The blackened tenements rose tall on either side. Few windows showed even a crack of light, but from behind the blank facades came sounds of life and violence. Nicholas paused to listen to the course of an argument, voices rising and falling, the crash of bottle-glass and the heavy thud of a body against wooden shutters. A baby wailed; a woman screamed. Outside, in sharp response, dogs barked. Just another night in the rookery. Nicholas moved on.

He glanced up as he walked. Through the churning fog he caught glimpses of one of the Health Board's dirigibles, its fragile skin silvery in the searchlights and lashed around with thick black ropes. In more affluent parts of London, the dirigibles pumped out hot air to force the thick, green-tinged fog to lift and dissipate.
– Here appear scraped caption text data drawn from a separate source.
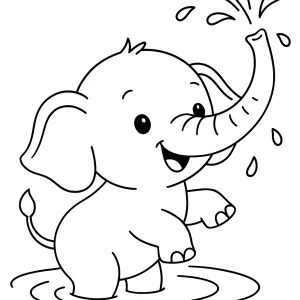 Desenho de elefante para colorir 29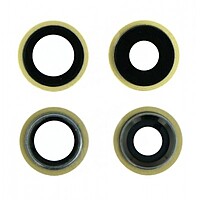 iPhone 11 - Replacement Rear Camera Lenses With Brackets - Yellow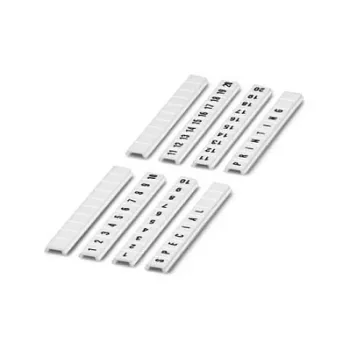 Phoenix Contact ZB 5.2-10 Terminal Block Marker Strip, White, 10 Markers, 5.2 mm Pitch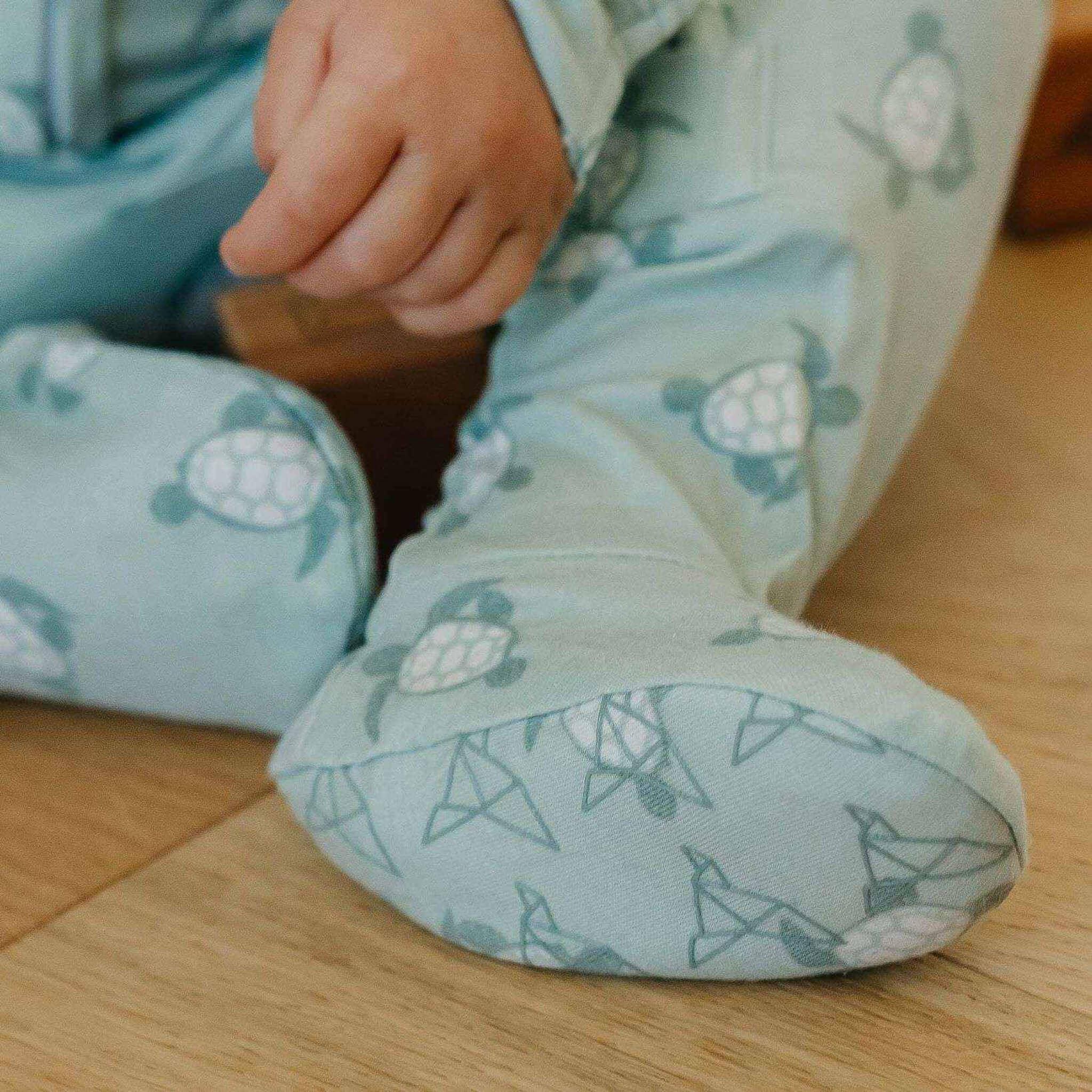 Copper Pearl Zip-Up Footie Pajama - Wade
Over the rookeries, the airships were less numerous and sprayed a dry ice mixture into the fog, encouraging rainfall. The idea was to sluice out the filth of the poorest parts of the capital; Crown-controlled rains washing the waste into great drains that emptied into the Thames estuary.

A marvellous idea in principle, but difficult to work in practice. The hot air pumps worked only sporadically, while the dry ice spray resulted in almost day after day of unrelenting rain across the whole of London. People spoke of it as the year without summer, and Nicholas couldn't remember the last time he'd seen the sun.